On the horizon

News from the frontiers of science.

The sea-level pace race

It's official: Sea-level rise is accelerating - though not exactly at a drag-racer's pace. Measurements by Australian scientists indicate that between 1870 and 2001, global sea levels rose an average of just over 7-1/2 inches. But the pace accelerated each year by an additional 0.0005 inches during that period.

The effort combined satellite and tide-gauge measurements to build trends in sea-level rise. If the acceleration rate remains constant, scientists estimate that between 1990 and 2100 the average sea level will have risen 11 to 13 inches, which falls within projections from the UN's Intergovernmental Panel on Climate Change. The results appeared in the Jan. 6 issue of the Geophysical Review Letters.

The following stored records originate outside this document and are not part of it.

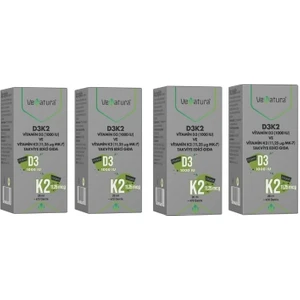 D3k2 Vitamin Damla 20 Ml 4 Adet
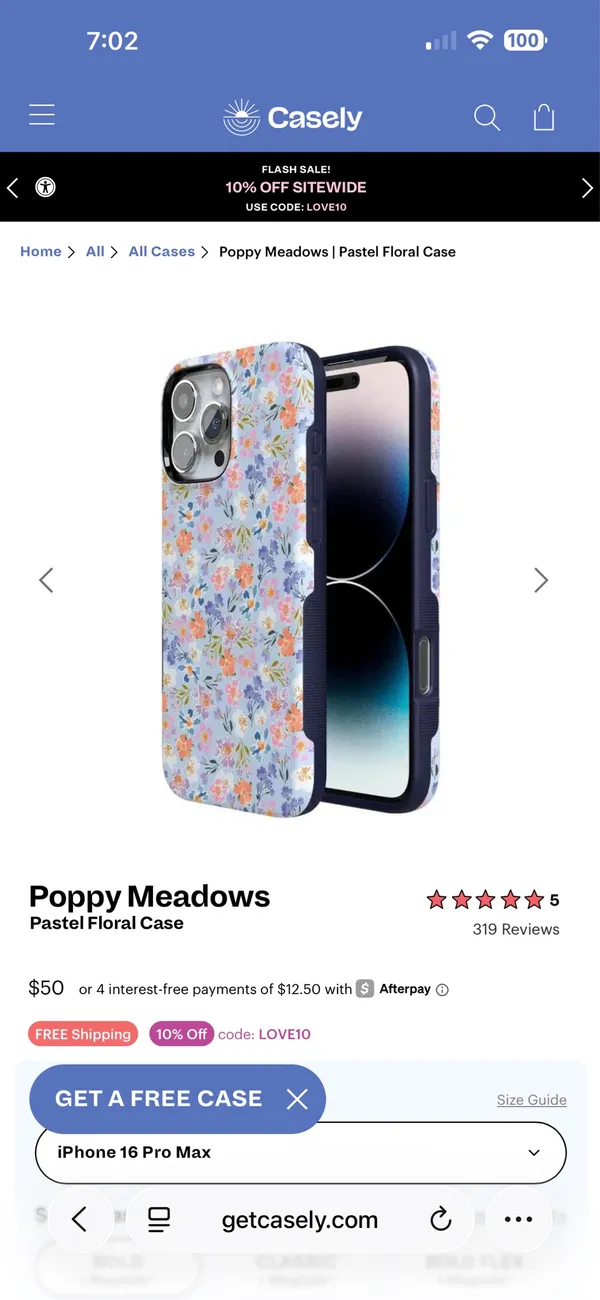 iPhone 17 Casely Phone Case Blue - Image 6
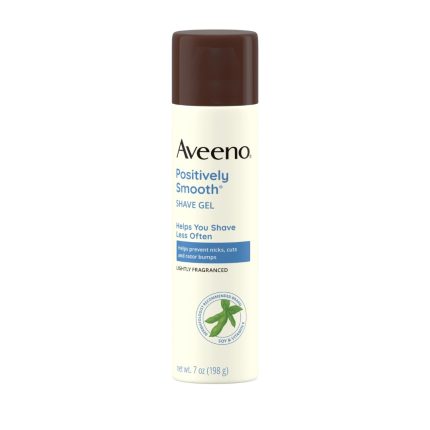 Aveeno Positively Smooth Shave Gel 198gm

Plants turn extra light into heat

Too much of a good thing can be tough on plants, even if it's light. The effect of excessive light gets worse if plants face drought or heat waves. Scientists in Britain appear to have found one of the ways plants adapt to excess light.

Using tiny Arabidopsis plants as botanical guinea pigs, a team led by Peter Horton of the University of Sheffield found that the plants turned unneeded light into heat by changing the shape of a protein in the membranes the plants use for photosynthesis. This process gets a boost from a molecule known as zeaxanthin; the more zeaxanthin a plant has, the more heat it can dissipate. The goal of the work is to improve crops grown in harsh conditions.

Lend me your - gills?

Two paleontologists in Sweden reported in the journal Nature that they've found evidence that the middle ear found in humans and other species may have originated as gills of ancient fish. Scientists from the University of Uppsala examined the skull of a 370-million-year-old fossil of a Panderichthys, a fish closely related to primitive tetrapods - four-limbed vertebrates that have come to include humans. Their examinations found the Panderichthys's gills were much closer to the structure of the middle ear in early tetrapods than they were to other species of fish. They concluded that this "suggests" early tetrapods' middle ears evolved from the structures early fish used for breathing.